What is Nock ISA?
The Nock Instruction Set Architecture
The Nock instruction set architecture is a minimalist computational framework. It balances formal Turing completeness with just enough tooling to carry out operations more efficiently than a pure lambda calculus or SKI combinator would allow. (It also has a convenient "escape hatch" for accelerated code evaluation.)
Like a byte code or an assembly language, the Nock ISA represents operations very directly, and typically developers write programs in a higher-level language that compiles to Nock ISA (Hoon or Jock). This way, they can get the formal provability of Nock ISA and its execution environment (Nockchain and NockApp) without writing the execution layer directly.
Nock 4K
A noun is an atom or a cell. An atom is a natural number. A cell is an ordered pair of nouns.

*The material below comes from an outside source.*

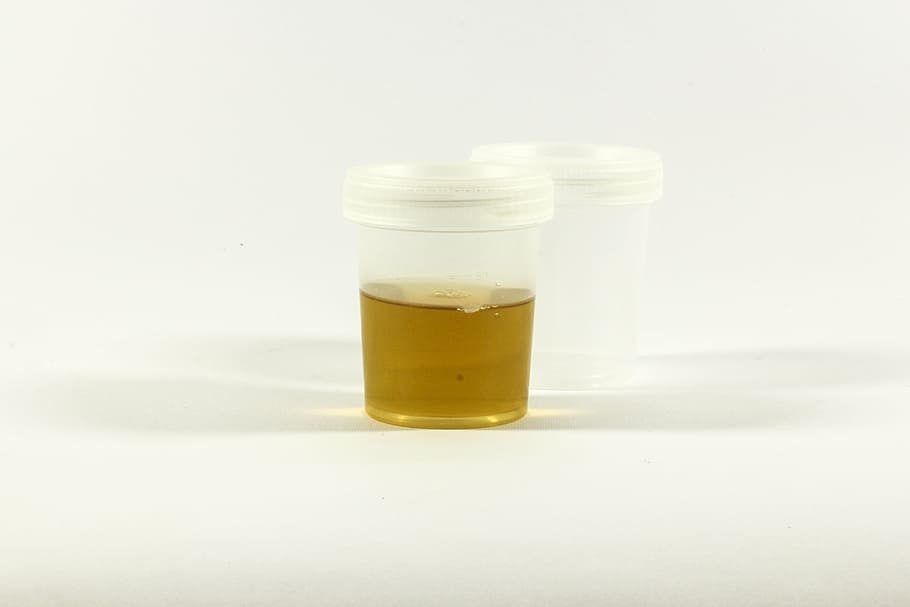 the test, urine container, urine, inflammation, analysis, medical, laboratory, tube, diagnostics, research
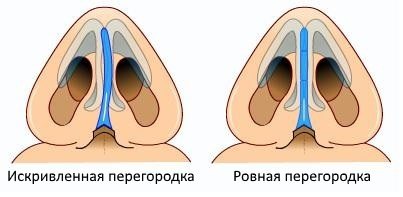 искривленная и прямая носовая перегородка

Reduce by the first matching pattern; variables match any noun.
nock(a) *a
[a b c] [a [b c]]
?[a b] 0
?a 1
+[a b] +[a b]
+a 1 + a
=[a a] 0
=[a b] 1
/[1 a] a
/[2 a b] a
/[3 a b] b
/[(a + a) b] /[2 /[a b]]
/[(a + a + 1) b] /[3 /[a b]]
/a /a
#[1 a b] a
#[(a + a) b c] #[a [b /[(a + a + 1) c]] c]
#[(a + a + 1) b c] #[a [/[(a + a) c] b] c]
#a #a
*[a [b c] d] [*[a b c] *[a d]]
*[a 0 b] /[b a]
*[a 1 b] b
*[a 2 b c] *[*[a b] *[a c]]
*[a 3 b] ?*[a b]
*[a 4 b] +*[a b]
*[a 5 b c] =[*[a b] *[a c]]
*[a 6 b c d] *[a *[[c d] 0 *[[2 3] 0 *[a 4 4 b]]]]
*[a 7 b c] *[*[a b] c]
*[a 8 b c] *[[*[a b] a] c]
*[a 9 b c] *[*[a c] 2 [0 1] 0 b]
*[a 10 [b c] d] #[b *[a c] *[a d]]
*[a 11 [b c] d] *[[*[a c] *[a d]] 0 3]
*[a 11 b c] *[a c]
*a *a
The Nock ISA paradigm is:
Turing-complete. Nock ISA is capable of general-purpose computing.
Functional-as-in-language. Nock ISA expressions result in values without formal side effects, but results like I/O and network calls can be produced via runtime hints.
Untyped. All data are either simply natural numbers or pairs (nesting as binary trees).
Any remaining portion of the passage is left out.